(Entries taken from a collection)
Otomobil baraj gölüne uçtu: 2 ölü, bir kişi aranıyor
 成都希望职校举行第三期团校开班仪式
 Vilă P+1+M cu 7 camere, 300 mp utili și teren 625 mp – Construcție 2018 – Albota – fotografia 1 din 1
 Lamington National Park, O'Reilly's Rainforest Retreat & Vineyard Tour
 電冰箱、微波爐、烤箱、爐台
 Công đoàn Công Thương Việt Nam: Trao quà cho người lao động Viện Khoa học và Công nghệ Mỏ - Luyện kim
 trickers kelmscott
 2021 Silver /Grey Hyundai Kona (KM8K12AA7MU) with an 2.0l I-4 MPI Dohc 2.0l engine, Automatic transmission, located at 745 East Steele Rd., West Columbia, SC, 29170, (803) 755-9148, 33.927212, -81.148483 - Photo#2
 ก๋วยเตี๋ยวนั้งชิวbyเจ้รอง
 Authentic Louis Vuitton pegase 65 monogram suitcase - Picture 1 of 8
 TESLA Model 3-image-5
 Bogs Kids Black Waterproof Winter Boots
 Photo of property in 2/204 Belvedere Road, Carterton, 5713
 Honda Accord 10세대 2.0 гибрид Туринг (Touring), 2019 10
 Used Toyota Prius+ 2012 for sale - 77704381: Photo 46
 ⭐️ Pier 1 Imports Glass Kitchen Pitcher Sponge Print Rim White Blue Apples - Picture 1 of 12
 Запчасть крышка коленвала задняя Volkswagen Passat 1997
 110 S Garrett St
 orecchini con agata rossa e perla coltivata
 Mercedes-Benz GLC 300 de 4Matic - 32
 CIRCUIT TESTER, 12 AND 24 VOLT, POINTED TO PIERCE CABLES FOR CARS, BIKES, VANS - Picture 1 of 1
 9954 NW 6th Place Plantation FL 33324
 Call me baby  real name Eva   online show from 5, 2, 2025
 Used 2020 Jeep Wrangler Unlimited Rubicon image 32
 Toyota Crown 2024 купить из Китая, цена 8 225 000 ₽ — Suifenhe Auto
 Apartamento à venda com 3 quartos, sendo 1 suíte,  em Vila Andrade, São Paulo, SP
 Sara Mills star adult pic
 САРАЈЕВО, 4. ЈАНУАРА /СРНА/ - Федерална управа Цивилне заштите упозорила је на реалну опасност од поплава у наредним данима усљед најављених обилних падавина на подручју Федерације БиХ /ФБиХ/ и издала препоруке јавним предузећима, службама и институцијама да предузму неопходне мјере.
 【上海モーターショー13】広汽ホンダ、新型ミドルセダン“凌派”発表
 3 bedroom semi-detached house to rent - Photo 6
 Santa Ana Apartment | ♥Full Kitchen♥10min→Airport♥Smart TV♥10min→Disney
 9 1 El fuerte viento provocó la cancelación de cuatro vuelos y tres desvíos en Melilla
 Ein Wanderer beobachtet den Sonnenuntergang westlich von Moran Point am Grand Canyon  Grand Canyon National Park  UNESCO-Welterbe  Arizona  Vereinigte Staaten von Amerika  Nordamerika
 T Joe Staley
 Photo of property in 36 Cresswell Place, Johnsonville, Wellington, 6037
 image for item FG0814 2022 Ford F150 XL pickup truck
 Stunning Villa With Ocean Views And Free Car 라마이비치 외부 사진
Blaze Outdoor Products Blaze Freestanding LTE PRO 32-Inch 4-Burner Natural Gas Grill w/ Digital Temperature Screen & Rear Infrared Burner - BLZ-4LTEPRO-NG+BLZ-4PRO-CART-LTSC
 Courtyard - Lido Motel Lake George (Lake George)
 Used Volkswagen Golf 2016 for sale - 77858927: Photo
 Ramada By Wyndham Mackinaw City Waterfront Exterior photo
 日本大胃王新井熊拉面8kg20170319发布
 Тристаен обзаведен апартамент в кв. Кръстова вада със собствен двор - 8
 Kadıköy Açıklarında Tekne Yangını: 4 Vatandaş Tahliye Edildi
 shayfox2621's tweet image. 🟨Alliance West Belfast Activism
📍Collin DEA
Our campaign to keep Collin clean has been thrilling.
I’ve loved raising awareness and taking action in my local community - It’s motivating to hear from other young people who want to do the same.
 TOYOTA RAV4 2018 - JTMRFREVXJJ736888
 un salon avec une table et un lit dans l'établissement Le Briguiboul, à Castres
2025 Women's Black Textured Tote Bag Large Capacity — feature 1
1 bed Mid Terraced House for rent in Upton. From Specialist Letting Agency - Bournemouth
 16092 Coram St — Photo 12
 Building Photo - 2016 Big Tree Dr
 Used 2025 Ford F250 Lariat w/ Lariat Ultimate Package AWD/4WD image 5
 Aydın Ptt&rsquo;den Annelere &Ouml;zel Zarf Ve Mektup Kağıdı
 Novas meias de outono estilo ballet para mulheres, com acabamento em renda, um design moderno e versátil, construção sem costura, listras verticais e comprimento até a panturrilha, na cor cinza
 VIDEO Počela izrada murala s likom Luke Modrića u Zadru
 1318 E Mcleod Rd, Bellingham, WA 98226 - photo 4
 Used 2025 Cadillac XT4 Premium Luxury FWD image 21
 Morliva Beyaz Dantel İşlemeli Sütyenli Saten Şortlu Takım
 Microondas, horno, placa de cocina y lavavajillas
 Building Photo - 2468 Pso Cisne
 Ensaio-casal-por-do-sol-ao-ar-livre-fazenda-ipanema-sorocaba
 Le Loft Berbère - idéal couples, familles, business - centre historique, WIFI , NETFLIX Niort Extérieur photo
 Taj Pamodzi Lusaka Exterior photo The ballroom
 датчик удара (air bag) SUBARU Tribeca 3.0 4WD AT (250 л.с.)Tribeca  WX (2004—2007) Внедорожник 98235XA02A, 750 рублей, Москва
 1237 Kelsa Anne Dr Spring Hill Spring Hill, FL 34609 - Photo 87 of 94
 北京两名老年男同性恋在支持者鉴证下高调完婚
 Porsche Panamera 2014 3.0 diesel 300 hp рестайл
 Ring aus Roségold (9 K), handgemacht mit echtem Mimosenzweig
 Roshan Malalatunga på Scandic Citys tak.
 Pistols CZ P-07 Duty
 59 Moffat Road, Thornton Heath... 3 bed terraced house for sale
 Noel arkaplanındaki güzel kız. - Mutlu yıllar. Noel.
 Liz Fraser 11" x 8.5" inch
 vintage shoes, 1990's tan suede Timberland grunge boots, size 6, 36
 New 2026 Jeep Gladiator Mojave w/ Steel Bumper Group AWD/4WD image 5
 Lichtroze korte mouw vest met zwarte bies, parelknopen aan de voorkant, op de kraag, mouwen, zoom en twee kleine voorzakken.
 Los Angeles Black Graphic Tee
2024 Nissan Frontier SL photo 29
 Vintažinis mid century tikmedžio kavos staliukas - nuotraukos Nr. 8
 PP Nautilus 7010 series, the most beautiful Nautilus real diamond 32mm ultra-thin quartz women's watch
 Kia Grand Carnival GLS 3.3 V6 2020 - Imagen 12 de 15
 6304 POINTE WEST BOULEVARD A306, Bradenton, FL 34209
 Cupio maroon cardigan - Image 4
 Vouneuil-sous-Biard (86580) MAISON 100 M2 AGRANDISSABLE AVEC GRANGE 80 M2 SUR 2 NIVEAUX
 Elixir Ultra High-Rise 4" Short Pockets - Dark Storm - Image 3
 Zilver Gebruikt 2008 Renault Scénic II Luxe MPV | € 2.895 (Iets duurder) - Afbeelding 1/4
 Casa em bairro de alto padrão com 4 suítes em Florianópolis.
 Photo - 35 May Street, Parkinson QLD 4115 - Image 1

◆ **DESCRIPTION OF THE TASK**: Would you write out the full set of records above without alteration?

◆ **OUTPUT FOR THIS TASK**:
Otomobil baraj gölüne uçtu: 2 ölü, bir kişi aranıyor
 成都希望职校举行第三期团校开班仪式
 Vilă P+1+M cu 7 camere, 300 mp utili și teren 625 mp – Construcție 2018 – Albota – fotografia 1 din 1
 Lamington National Park, O'Reilly's Rainforest Retreat & Vineyard Tour
 電冰箱、微波爐、烤箱、爐台
 Công đoàn Công Thương Việt Nam: Trao quà cho người lao động Viện Khoa học và Công nghệ Mỏ - Luyện kim
 trickers kelmscott
 2021 Silver /Grey Hyundai Kona (KM8K12AA7MU) with an 2.0l I-4 MPI Dohc 2.0l engine, Automatic transmission, located at 745 East Steele Rd., West Columbia, SC, 29170, (803) 755-9148, 33.927212, -81.148483 - Photo#2
 ก๋วยเตี๋ยวนั้งชิวbyเจ้รอง
 Authentic Louis Vuitton pegase 65 monogram suitcase - Picture 1 of 8
 TESLA Model 3-image-5
 Bogs Kids Black Waterproof Winter Boots
 Photo of property in 2/204 Belvedere Road, Carterton, 5713
 Honda Accord 10세대 2.0 гибрид Туринг (Touring), 2019 10
 Used Toyota Prius+ 2012 for sale - 77704381: Photo 46
 ⭐️ Pier 1 Imports Glass Kitchen Pitcher Sponge Print Rim White Blue Apples - Picture 1 of 12
 Запчасть крышка коленвала задняя Volkswagen Passat 1997
 110 S Garrett St
 orecchini con agata rossa e perla coltivata
 Mercedes-Benz GLC 300 de 4Matic - 32
 CIRCUIT TESTER, 12 AND 24 VOLT, POINTED TO PIERCE CABLES FOR CARS, BIKES, VANS - Picture 1 of 1
 9954 NW 6th Place Plantation FL 33324
 Call me baby  real name Eva   online show from 5, 2, 2025
 Used 2020 Jeep Wrangler Unlimited Rubicon image 32
 Toyota Crown 2024 купить из Китая, цена 8 225 000 ₽ — Suifenhe Auto
 Apartamento à venda com 3 quartos, sendo 1 suíte,  em Vila Andrade, São Paulo, SP
 Sara Mills star adult pic
 САРАЈЕВО, 4. ЈАНУАРА /СРНА/ - Федерална управа Цивилне заштите упозорила је на реалну опасност од поплава у наредним данима усљед најављених обилних падавина на подручју Федерације БиХ /ФБиХ/ и издала препоруке јавним предузећима, службама и институцијама да предузму неопходне мјере.
 【上海モーターショー13】広汽ホンダ、新型ミドルセダン“凌派”発表
 3 bedroom semi-detached house to rent - Photo 6
 Santa Ana Apartment | ♥Full Kitchen♥10min→Airport♥Smart TV♥10min→Disney
 9 1 El fuerte viento provocó la cancelación de cuatro vuelos y tres desvíos en Melilla
 Ein Wanderer beobachtet den Sonnenuntergang westlich von Moran Point am Grand Canyon  Grand Canyon National Park  UNESCO-Welterbe  Arizona  Vereinigte Staaten von Amerika  Nordamerika
 T Joe Staley
 Photo of property in 36 Cresswell Place, Johnsonville, Wellington, 6037
 image for item FG0814 2022 Ford F150 XL pickup truck
 Stunning Villa With Ocean Views And Free Car 라마이비치 외부 사진
Blaze Outdoor Products Blaze Freestanding LTE PRO 32-Inch 4-Burner Natural Gas Grill w/ Digital Temperature Screen & Rear Infrared Burner - BLZ-4LTEPRO-NG+BLZ-4PRO-CART-LTSC
 Courtyard - Lido Motel Lake George (Lake George)
 Used Volkswagen Golf 2016 for sale - 77858927: Photo
 Ramada By Wyndham Mackinaw City Waterfront Exterior photo
 日本大胃王新井熊拉面8kg20170319发布
 Тристаен обзаведен апартамент в кв. Кръстова вада със собствен двор - 8
 Kadıköy Açıklarında Tekne Yangını: 4 Vatandaş Tahliye Edildi
 shayfox2621's tweet image. 🟨Alliance West Belfast Activism
📍Collin DEA
Our campaign to keep Collin clean has been thrilling.
I’ve loved raising awareness and taking action in my local community - It’s motivating to hear from other young people who want to do the same.
 TOYOTA RAV4 2018 - JTMRFREVXJJ736888
 un salon avec une table et un lit dans l'établissement Le Briguiboul, à Castres
2025 Women's Black Textured Tote Bag Large Capacity — feature 1
1 bed Mid Terraced House for rent in Upton. From Specialist Letting Agency - Bournemouth
 16092 Coram St — Photo 12
 Building Photo - 2016 Big Tree Dr
 Used 2025 Ford F250 Lariat w/ Lariat Ultimate Package AWD/4WD image 5
 Aydın Ptt&rsquo;den Annelere &Ouml;zel Zarf Ve Mektup Kağıdı
 Novas meias de outono estilo ballet para mulheres, com acabamento em renda, um design moderno e versátil, construção sem costura, listras verticais e comprimento até a panturrilha, na cor cinza
 VIDEO Počela izrada murala s likom Luke Modrića u Zadru
 1318 E Mcleod Rd, Bellingham, WA 98226 - photo 4
 Used 2025 Cadillac XT4 Premium Luxury FWD image 21
 Morliva Beyaz Dantel İşlemeli Sütyenli Saten Şortlu Takım
 Microondas, horno, placa de cocina y lavavajillas
 Building Photo - 2468 Pso Cisne
 Ensaio-casal-por-do-sol-ao-ar-livre-fazenda-ipanema-sorocaba
 Le Loft Berbère - idéal couples, familles, business - centre historique, WIFI , NETFLIX Niort Extérieur photo
 Taj Pamodzi Lusaka Exterior photo The ballroom
 датчик удара (air bag) SUBARU Tribeca 3.0 4WD AT (250 л.с.)Tribeca  WX (2004—2007) Внедорожник 98235XA02A, 750 рублей, Москва
 1237 Kelsa Anne Dr Spring Hill Spring Hill, FL 34609 - Photo 87 of 94
 北京两名老年男同性恋在支持者鉴证下高调完婚
 Porsche Panamera 2014 3.0 diesel 300 hp рестайл
 Ring aus Roségold (9 K), handgemacht mit echtem Mimosenzweig
 Roshan Malalatunga på Scandic Citys tak.
 Pistols CZ P-07 Duty
 59 Moffat Road, Thornton Heath... 3 bed terraced house for sale
 Noel arkaplanındaki güzel kız. - Mutlu yıllar. Noel.
 Liz Fraser 11" x 8.5" inch
 vintage shoes, 1990's tan suede Timberland grunge boots, size 6, 36
 New 2026 Jeep Gladiator Mojave w/ Steel Bumper Group AWD/4WD image 5
 Lichtroze korte mouw vest met zwarte bies, parelknopen aan de voorkant, op de kraag, mouwen, zoom en twee kleine voorzakken.
 Los Angeles Black Graphic Tee
2024 Nissan Frontier SL photo 29
 Vintažinis mid century tikmedžio kavos staliukas - nuotraukos Nr. 8
 PP Nautilus 7010 series, the most beautiful Nautilus real diamond 32mm ultra-thin quartz women's watch
 Kia Grand Carnival GLS 3.3 V6 2020 - Imagen 12 de 15
 6304 POINTE WEST BOULEVARD A306, Bradenton, FL 34209
 Cupio maroon cardigan - Image 4
 Vouneuil-sous-Biard (86580) MAISON 100 M2 AGRANDISSABLE AVEC GRANGE 80 M2 SUR 2 NIVEAUX
 Elixir Ultra High-Rise 4" Short Pockets - Dark Storm - Image 3
 Zilver Gebruikt 2008 Renault Scénic II Luxe MPV | € 2.895 (Iets duurder) - Afbeelding 1/4
 Casa em bairro de alto padrão com 4 suítes em Florianópolis.
 Photo - 35 May Street, Parkinson QLD 4115 - Image 1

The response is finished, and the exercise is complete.